The Myanmar National Democratic Alliance Army (MNDAA), the Ta'ang National Liberation Army (TNLA) and the Arakan Army (AA) say they have captured dozens of outposts and four towns and blocked vital trade routes to China.

Local media reports said TNLA fighters on Saturday seized two outposts controlled by pro-military militia near Lashio, the largest town in northern Shan State and home to the military's northeastern command.

The TNLA also flagged gains about four hours away at Namhkam.

"We seized four outposts in total this morning, two outposts from Lashio while the other two were from Namhkam," a TNLA member told AFP.

The MNDAA said it had seized three military outposts further to the east.

The junta has not commented on Saturday's clashes but on Thursday a spokesman dismissed as "propaganda" claims that the allied ethnic armed groups had captured several towns in Shan State.

The junta on Saturday said the Kachin Independence Army (KIA), another ethnic armed group based in neighbouring Kachin state, had joined the attacks on its forces, and that it would retaliate.

Local media reported the junta had shelled the remote town of Laiza on the Chinese border, home to the KIA's headquarters.

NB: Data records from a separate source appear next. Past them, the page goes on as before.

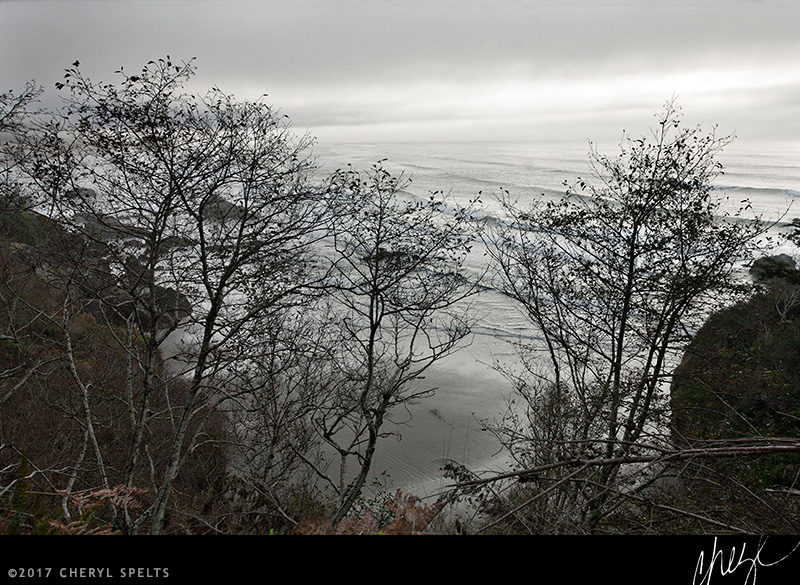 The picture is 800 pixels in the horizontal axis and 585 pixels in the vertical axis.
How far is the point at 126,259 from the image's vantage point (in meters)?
9.35

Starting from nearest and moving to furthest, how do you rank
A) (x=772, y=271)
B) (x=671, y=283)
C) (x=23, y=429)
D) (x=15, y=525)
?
(x=15, y=525)
(x=671, y=283)
(x=23, y=429)
(x=772, y=271)

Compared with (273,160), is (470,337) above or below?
below

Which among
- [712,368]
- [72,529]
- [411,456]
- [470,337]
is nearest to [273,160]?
[72,529]

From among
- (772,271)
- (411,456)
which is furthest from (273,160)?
(772,271)

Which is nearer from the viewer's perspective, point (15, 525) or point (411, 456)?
point (15, 525)

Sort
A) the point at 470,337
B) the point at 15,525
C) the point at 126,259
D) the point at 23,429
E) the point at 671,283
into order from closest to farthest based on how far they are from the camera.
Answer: the point at 15,525 < the point at 126,259 < the point at 671,283 < the point at 23,429 < the point at 470,337

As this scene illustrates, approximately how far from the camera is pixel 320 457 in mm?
16828

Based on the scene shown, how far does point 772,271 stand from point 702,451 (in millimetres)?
20925

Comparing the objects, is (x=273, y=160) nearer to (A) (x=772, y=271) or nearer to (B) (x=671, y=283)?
(B) (x=671, y=283)

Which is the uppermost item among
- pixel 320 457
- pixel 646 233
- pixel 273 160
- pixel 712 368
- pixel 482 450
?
pixel 273 160

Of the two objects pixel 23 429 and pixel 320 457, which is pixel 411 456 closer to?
pixel 320 457

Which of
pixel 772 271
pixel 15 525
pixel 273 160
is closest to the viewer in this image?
pixel 15 525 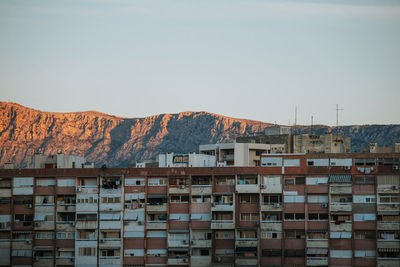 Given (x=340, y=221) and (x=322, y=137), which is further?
(x=322, y=137)

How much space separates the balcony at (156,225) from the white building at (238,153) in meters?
27.3

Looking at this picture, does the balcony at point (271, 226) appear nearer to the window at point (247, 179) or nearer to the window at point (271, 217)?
the window at point (271, 217)

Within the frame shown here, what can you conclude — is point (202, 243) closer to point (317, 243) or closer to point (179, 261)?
point (179, 261)

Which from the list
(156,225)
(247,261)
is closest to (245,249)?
(247,261)

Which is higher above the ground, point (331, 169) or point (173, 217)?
point (331, 169)

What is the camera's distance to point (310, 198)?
7256 cm

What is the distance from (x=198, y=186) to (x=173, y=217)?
4198mm

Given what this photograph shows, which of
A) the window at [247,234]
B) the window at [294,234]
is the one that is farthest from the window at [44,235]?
the window at [294,234]

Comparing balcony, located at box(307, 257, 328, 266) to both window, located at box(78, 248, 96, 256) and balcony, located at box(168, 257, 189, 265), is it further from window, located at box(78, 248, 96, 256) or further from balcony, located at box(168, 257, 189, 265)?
window, located at box(78, 248, 96, 256)

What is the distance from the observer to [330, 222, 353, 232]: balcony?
7144 cm

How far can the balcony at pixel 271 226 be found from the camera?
2849 inches

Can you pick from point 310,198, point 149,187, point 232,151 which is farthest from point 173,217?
point 232,151

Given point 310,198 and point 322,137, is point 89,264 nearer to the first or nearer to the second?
point 310,198

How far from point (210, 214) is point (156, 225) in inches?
229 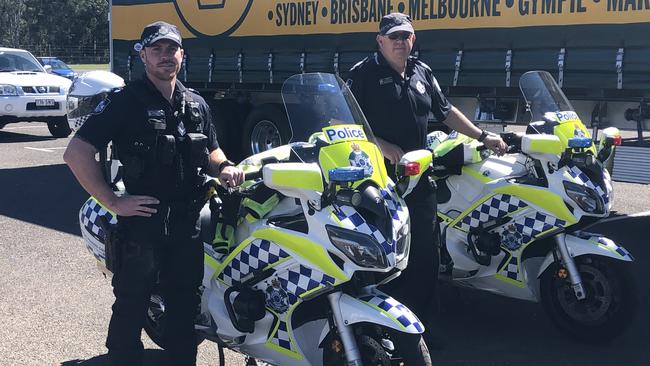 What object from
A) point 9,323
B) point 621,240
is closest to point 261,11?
point 621,240

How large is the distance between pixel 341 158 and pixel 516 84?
4.62 meters

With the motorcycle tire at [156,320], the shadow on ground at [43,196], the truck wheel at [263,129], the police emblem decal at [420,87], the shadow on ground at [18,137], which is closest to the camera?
the motorcycle tire at [156,320]

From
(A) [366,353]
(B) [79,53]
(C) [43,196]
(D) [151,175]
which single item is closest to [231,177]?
(D) [151,175]

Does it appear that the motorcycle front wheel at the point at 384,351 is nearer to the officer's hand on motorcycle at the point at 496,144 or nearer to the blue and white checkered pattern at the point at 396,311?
the blue and white checkered pattern at the point at 396,311

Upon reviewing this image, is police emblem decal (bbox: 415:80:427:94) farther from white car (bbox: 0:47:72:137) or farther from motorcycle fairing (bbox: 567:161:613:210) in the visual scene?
white car (bbox: 0:47:72:137)

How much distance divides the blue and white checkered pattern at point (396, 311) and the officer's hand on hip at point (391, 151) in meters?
1.07

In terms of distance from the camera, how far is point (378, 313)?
3.19 meters

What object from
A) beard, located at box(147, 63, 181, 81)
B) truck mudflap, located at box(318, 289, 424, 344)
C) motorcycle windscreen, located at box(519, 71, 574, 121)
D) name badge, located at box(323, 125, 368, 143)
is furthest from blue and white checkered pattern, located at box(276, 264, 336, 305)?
motorcycle windscreen, located at box(519, 71, 574, 121)

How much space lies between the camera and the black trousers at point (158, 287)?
11.2ft

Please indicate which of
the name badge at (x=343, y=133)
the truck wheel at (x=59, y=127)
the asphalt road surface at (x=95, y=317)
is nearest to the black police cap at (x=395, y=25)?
the name badge at (x=343, y=133)

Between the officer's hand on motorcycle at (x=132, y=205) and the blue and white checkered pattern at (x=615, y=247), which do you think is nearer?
the officer's hand on motorcycle at (x=132, y=205)

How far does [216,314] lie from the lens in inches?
149

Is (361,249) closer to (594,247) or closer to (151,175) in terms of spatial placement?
(151,175)

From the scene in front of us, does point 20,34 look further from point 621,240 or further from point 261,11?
point 621,240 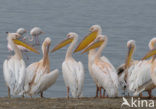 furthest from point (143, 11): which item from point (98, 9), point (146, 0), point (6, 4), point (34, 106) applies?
point (34, 106)

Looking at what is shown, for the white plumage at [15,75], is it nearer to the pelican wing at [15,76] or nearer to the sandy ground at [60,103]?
the pelican wing at [15,76]

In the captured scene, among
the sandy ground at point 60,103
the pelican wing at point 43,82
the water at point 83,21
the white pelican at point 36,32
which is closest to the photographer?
the sandy ground at point 60,103

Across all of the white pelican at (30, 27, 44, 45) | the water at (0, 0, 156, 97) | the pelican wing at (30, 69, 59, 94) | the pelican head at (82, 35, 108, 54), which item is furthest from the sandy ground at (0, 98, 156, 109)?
the white pelican at (30, 27, 44, 45)

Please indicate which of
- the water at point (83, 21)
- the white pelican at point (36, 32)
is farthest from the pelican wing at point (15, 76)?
the white pelican at point (36, 32)

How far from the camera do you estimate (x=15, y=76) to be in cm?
837

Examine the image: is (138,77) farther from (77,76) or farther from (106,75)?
(77,76)

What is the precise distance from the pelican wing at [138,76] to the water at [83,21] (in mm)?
3020

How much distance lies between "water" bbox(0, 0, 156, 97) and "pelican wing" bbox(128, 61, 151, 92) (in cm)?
302

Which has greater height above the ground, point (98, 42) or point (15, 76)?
point (98, 42)

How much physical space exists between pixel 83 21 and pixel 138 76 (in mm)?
13646

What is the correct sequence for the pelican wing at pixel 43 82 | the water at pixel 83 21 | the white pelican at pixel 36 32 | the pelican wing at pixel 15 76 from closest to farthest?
the pelican wing at pixel 15 76
the pelican wing at pixel 43 82
the water at pixel 83 21
the white pelican at pixel 36 32

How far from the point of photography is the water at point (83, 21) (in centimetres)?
1498

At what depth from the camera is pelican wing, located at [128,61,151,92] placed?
28.1 feet

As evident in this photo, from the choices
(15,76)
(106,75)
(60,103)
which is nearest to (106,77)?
(106,75) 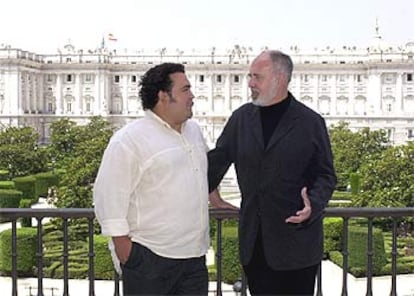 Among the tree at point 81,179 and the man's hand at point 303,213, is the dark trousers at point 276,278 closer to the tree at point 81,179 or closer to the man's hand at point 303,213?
the man's hand at point 303,213

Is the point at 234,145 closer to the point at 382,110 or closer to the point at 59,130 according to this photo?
the point at 59,130

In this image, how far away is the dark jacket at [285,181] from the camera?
279cm

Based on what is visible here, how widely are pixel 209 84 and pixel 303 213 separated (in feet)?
173

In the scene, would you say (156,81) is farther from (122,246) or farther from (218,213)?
(218,213)

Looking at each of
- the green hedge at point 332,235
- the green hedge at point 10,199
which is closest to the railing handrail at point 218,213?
the green hedge at point 332,235

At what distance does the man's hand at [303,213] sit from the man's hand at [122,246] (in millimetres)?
575

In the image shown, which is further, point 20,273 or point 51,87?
point 51,87

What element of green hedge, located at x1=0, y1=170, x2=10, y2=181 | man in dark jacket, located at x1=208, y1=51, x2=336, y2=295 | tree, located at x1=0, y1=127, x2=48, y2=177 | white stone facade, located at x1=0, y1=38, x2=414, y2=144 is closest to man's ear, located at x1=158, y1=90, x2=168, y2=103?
man in dark jacket, located at x1=208, y1=51, x2=336, y2=295

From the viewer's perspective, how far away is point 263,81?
2.80 metres

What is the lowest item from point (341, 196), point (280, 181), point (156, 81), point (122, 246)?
point (341, 196)

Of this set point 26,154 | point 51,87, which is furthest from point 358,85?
point 26,154

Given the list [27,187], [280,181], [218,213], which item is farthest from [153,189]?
[27,187]

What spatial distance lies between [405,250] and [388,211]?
34.6 ft

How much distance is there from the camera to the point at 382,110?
170 feet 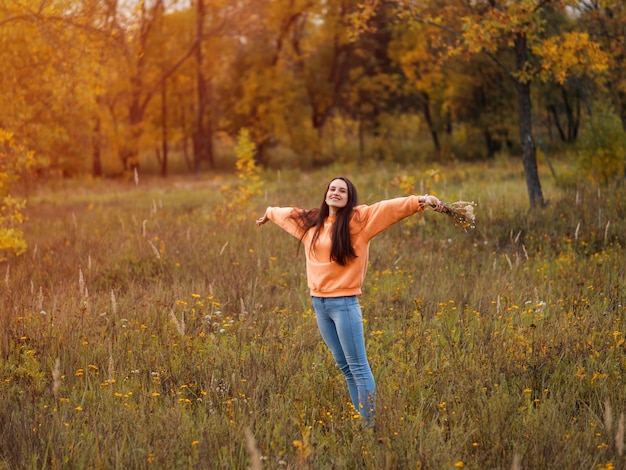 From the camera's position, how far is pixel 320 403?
544 centimetres

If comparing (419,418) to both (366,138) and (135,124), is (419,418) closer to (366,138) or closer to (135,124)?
(135,124)

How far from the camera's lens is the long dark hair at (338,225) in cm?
481

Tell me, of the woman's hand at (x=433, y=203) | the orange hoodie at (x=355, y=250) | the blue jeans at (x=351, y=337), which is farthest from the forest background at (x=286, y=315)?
the woman's hand at (x=433, y=203)

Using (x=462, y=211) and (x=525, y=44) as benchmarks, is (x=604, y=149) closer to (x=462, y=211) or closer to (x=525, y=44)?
(x=525, y=44)

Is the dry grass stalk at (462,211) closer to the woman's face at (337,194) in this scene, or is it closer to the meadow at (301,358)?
the woman's face at (337,194)

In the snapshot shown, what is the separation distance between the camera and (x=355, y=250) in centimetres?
489

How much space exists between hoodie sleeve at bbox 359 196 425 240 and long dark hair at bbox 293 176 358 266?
0.12 metres

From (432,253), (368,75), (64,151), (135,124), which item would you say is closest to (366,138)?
(368,75)

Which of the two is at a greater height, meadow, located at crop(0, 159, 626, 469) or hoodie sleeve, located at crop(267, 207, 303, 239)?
hoodie sleeve, located at crop(267, 207, 303, 239)

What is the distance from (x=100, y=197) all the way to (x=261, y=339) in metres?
18.2

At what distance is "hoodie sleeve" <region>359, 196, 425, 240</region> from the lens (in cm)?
471

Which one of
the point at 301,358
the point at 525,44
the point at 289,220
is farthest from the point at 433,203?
the point at 525,44

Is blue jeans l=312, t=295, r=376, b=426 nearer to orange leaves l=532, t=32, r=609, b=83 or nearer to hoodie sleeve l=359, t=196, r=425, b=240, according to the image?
hoodie sleeve l=359, t=196, r=425, b=240

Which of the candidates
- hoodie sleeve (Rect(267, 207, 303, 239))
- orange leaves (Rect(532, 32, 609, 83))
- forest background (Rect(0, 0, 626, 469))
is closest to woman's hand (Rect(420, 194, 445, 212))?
hoodie sleeve (Rect(267, 207, 303, 239)) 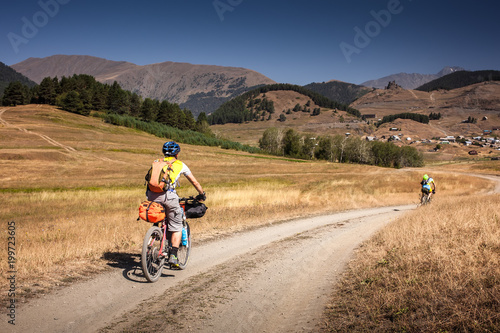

Junta chief Min Aung Hlaing this week vowed the military "will launch counter-attacks" against the groups.

On the other side of the border, a team of AFP journalists were stopped Saturday in China's Yunnan province at a permanent police checkpoint about 50 kilometres (30 miles) up the valley from the border crossing of Chinshwehaw town, which the Myanmar military said on Wednesday that it had lost control over.

Chinese policemen said only people living beyond the checkpoint or others who had gained special authorisation could currently pass due to ongoing clashes across the border.

"We're now in special circumstances," an officer told AFP. "Unless necessary, no one can go in."

China called on Thursday for an immediate ceasefire in Shan State -- where a billion-dollar rail route, part of Beijing's Belt and Road infrastructure project, is planned.

Myanmar's borderlands are home to more than a dozen ethnic armed groups, some of which have fought the military for decades over autonomy and control of lucrative resources.

There are also turf wars with pro-military aligned militia over criminal enterprises ranging from drug smuggling and casinos to prostitution and cyber scams.

The AA, MNDAA and TNLA say the military has suffered dozens killed, wounded and captured since Friday.

The remoteness of the rugged jungle terrain -- home to pipelines that supply oil and gas to China -- and patchy communications make it difficult to verify fatalities in the fighting.